_Activity_
Although the records contain pictures, repeat only the text of every line exactly.

_Excerpted records_

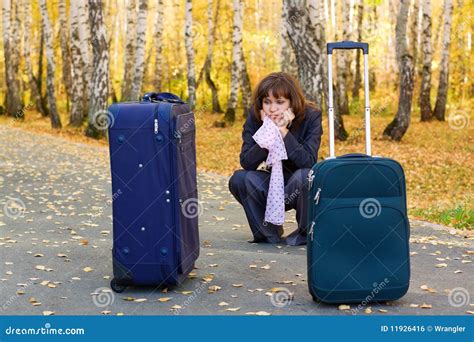 Sad Business Woman With A Bags Stock Photo Image Of Case Outdoor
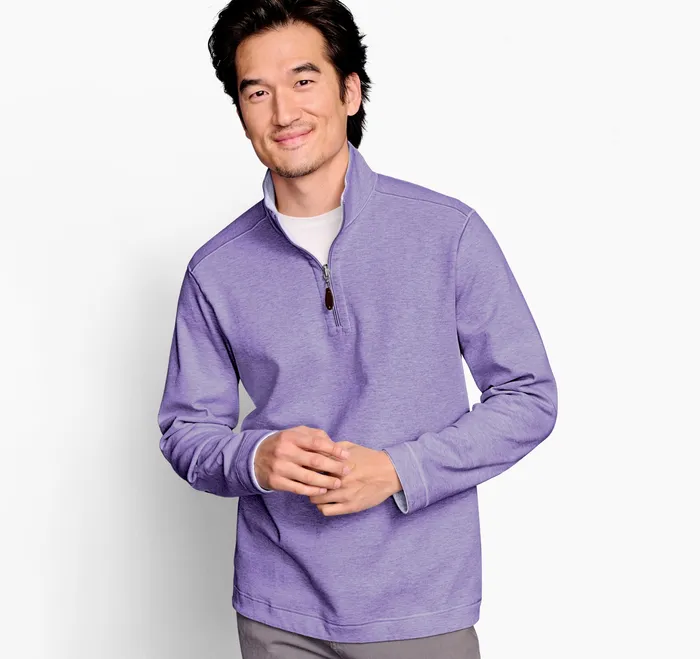 Sweaters and Knits Reversible Solid QuarterZip PurpleLight Blue 8211 Johnston and Murphy Men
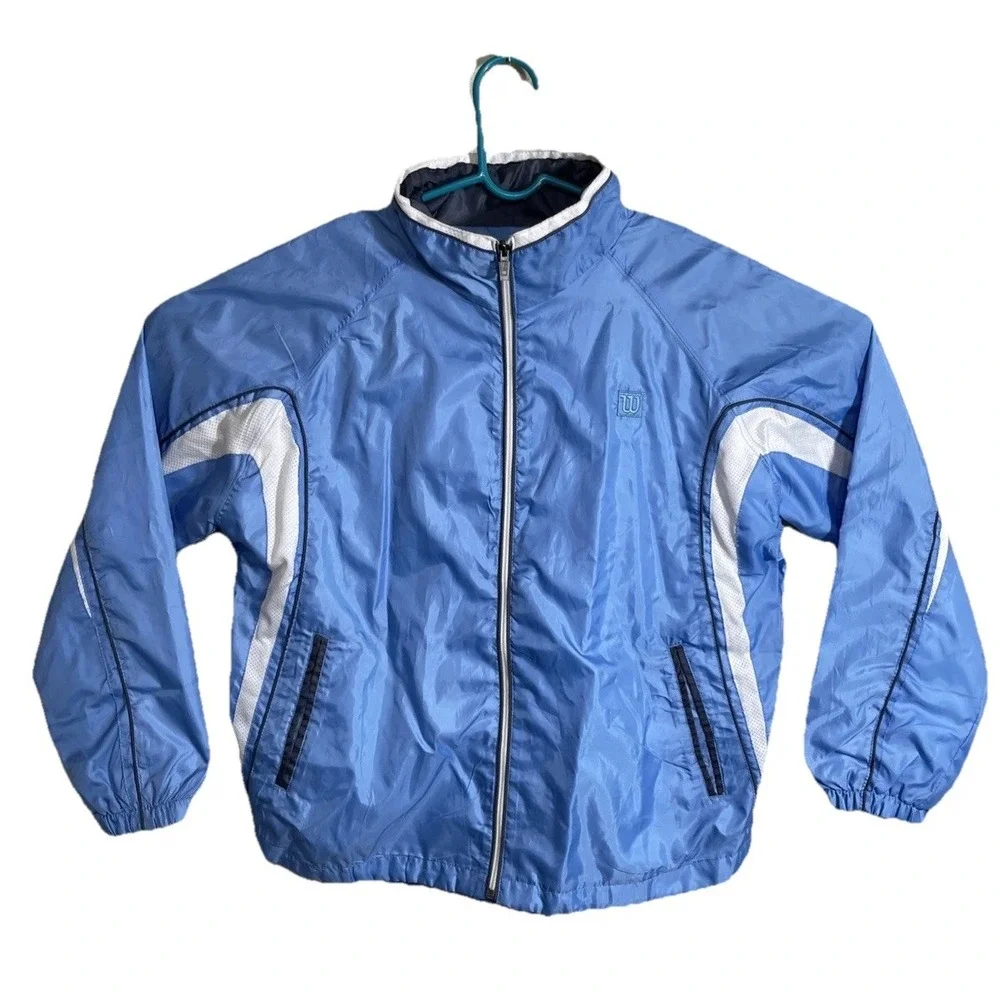 Wilson Medium Unisex Windbreaker (Blue Lightning) Jacket.‎ NWT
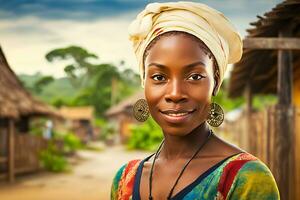 portret van een mooi Afrikaanse vrouw. neurale netwerk ai gegenereerd foto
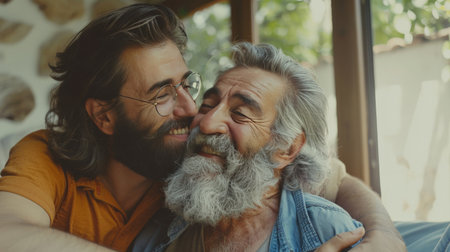 Adult hipster son fun hugging old senior father at home, two generations have a beard talking together and relaxing with smile, 2 man happy enjoy to living at home in father's day with love of familyの素材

_Task output_
 Sad Business Woman With A Bags Stock Photo Image Of Case Outdoor
 Sweaters and Knits Reversible Solid QuarterZip PurpleLight Blue 8211 Johnston and Murphy Men
 Wilson Medium Unisex Windbreaker (Blue Lightning) Jacket.‎ NWT
 portret van een mooi Afrikaanse vrouw. neurale netwerk ai gegenereerd foto
 Adult hipster son fun hugging old senior father at home, two generations have a beard talking together and relaxing with smile, 2 man happy enjoy to living at home in father's day with love of familyの素材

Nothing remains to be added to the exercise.